Another change is to break up the industry standards into smaller independent pieces. It would be interesting to see a complexity assessment model of various industry standards and see what the local rate of change is and for what kinds of information. It’s easier to blame the process or the mammals manning the helms and sometimes that is right, but it might also be that the wrong tool is being applied or the information is dynamic by nature (somewhere a feedback loop is cycling chaotically).
Everywhere one finds a wildcard, there is an unconstrained decision list and that means there is no static consensus. It might be a good idea to push that off into its own space and work out why this function isn’t converging.
len
> The industry standards need to move at a faster pace
Agree entirely, however the motivations of some are to constrain change, and concensus is typically hard to acheive. An industry standards body also often finds itself trapped between the competing interests of its members and ... well I could go on, but we all understand the problem.

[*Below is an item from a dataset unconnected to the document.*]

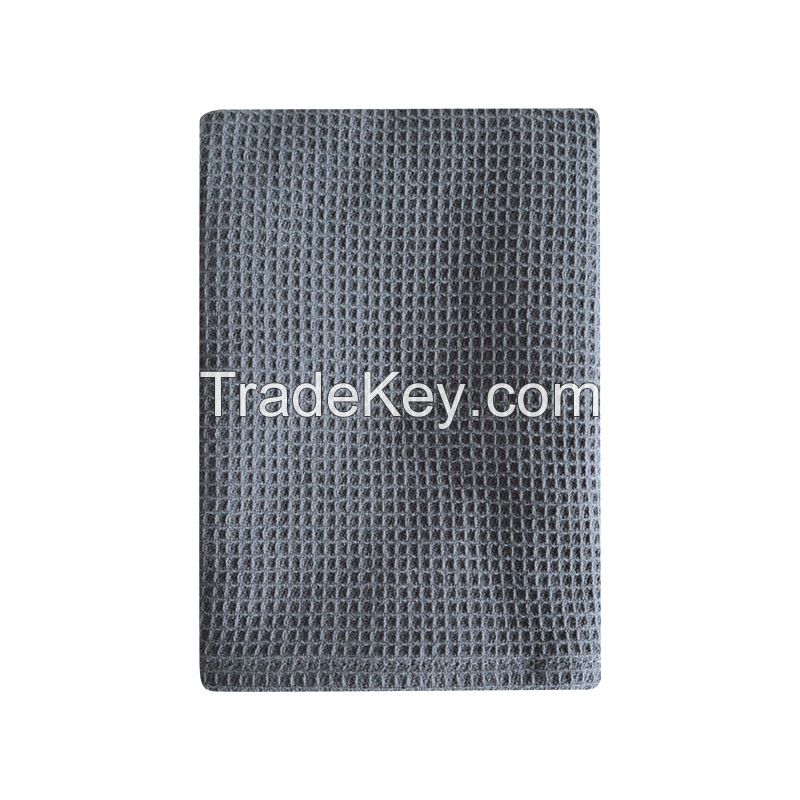 On stock Simple style pure color cotton plain fabric Waffle tea towel for Home kitchen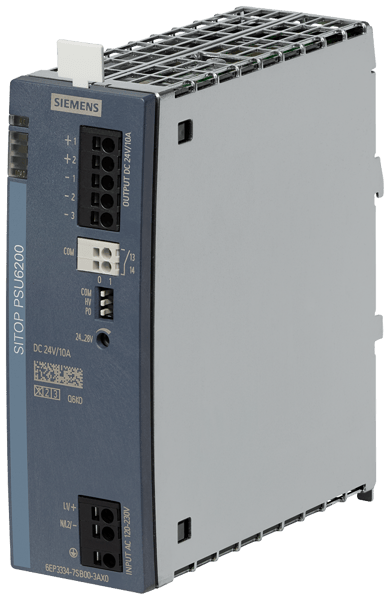 6EP33347SB003AX0Siemens SITOP 6EP33347SB003AX0 Power Supply, 120 to 230 VAC Input, 24 VDC Output, 240 W Power Rating, 2.2 to 1.2 A Input/0 to 10 A Output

My motivation is to encourage the standards body to allow for private extensions in schemata. There is no reason why a standards body needs or should be in the middle of trading partner agreements which manifest themselves in data exchanges private to those individual organisations. The concern often expressed is that private extension degenerates the standard, but the reality is, without the ability to accomodate change (both breaking an non breaking) and allowing participants to adopt change at a time of their own choosing, then a standard has no future. Natural market pressures will drive adoption. Extensibility (call it forwards/backwards compatibility if you like) is certainly part of the solution, and, as you point out, careful selction of what should be mandatory and optional, and implementation of various validation schemes that support the level of compatibility/tolerance that an individual or pair of trading partners require, and .... well you get the picture.